Rich characterized the typical neighbor relationship as one where one principally avoids the other. Our neighbors are friendly background noise to our lives. Their homes should be kept up to a certain standard so as not to offend our sensibilities. They should demand little or nothing of us, but if there is something we want of them they should respond immediately.
There are a lot of reasons we might react in this way toward our neighbor. We may be introverted and less inclined to social interaction generally. We may feel that we don’t have enough time. Or we may have cultivated a personality that makes certain friends and keeps them to the exclusion of all others.
Guilty.
I feel like a guy with a lot of demands on his time. In addition to spending 45 hours a week at work (5 of which are lunch but I’m still stuck in Delaware), plus another hour plus each day commuting, I already feel pretty drained. Couple that with engaging passions like the writing, and trying to spend time with my wife and I don’t often feel like I have time for anyone else. I enjoy the occasional social interaction, life group and church, monthly poker, and indeed even find these times restorative, but I’m not looking to add a whole bunch more to my life. When it gets to the weekend there’s either honey-do, my own projects, or frankly most weekends just rest and restoration.
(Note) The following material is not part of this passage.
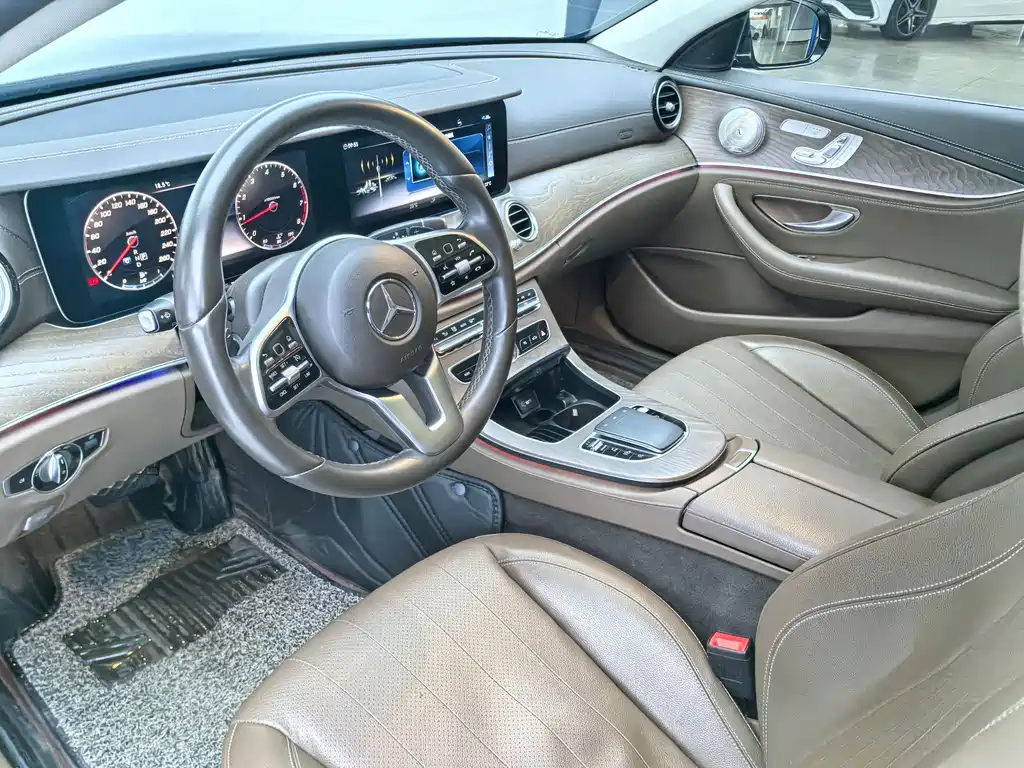 Mercedes-Benz E-Class 2019 — фото 12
And I’m a bit of a curmudgeon at heart. I tend to care only what a specific few people care about me, and the rest’s opinion matters very little. I’ve never been the sort of person who cares what my neighbor thinks of my lawn (breaking social contract perhaps) and in fact think the fact that they’d have an opinion on anything I do to be demonstrably ridiculous (except loud noise at night because that’s just rude, this isn’t a college neighborhood).
If I see making friends with the neighbors as simply fulfilling a need for social interaction, then I’m already quite satisfied with my friends, my church, my co-workers, that I don’t really need anything else.
But what about seeing my neighbors as a kind of mission, another opportunity to spread the word of God to the people around me. I think a lot about the fact that I don’t really have much of a place to spread God’s love, work is predominantly Christian (at least the people I interact with), and aside from a couple of specific friends I will probably be having lifelong conversations with, I don’t have a lot of opportunities to simply be helpful to people.
Except I totally do.
I don’t know about choosing where you live specifically as a mission, something Rich touched on Sunday, but there’s plenty of mission to be had wherever you are. Clintonville’s a pretty nice place to live but everywhere has problems, people in need, or even just relationships that can be better.
For me, at least at first, it would probably be easier to build on something I already do, invite a neighbor to the monthly poker game, maybe time our daily klaw (that’s walk backwards so the dog doesn’t know what it is) so we can walk with our next door neighbors (assuming our dogs can learn to get along).
This is an area in which I feel personally challenged, which has the advantage of having a lot to write about, even if I don’t particularly know how to fix it at the moment. A lot of my life the last couple of years has been softening around people, not being so quick to judge, and to be more willing to give of myself, and to receive help (which Rich correctly assesses is actually harder to do).
How about you? Do you find interacting with neighbors comes naturally, or is it something you really have to work at?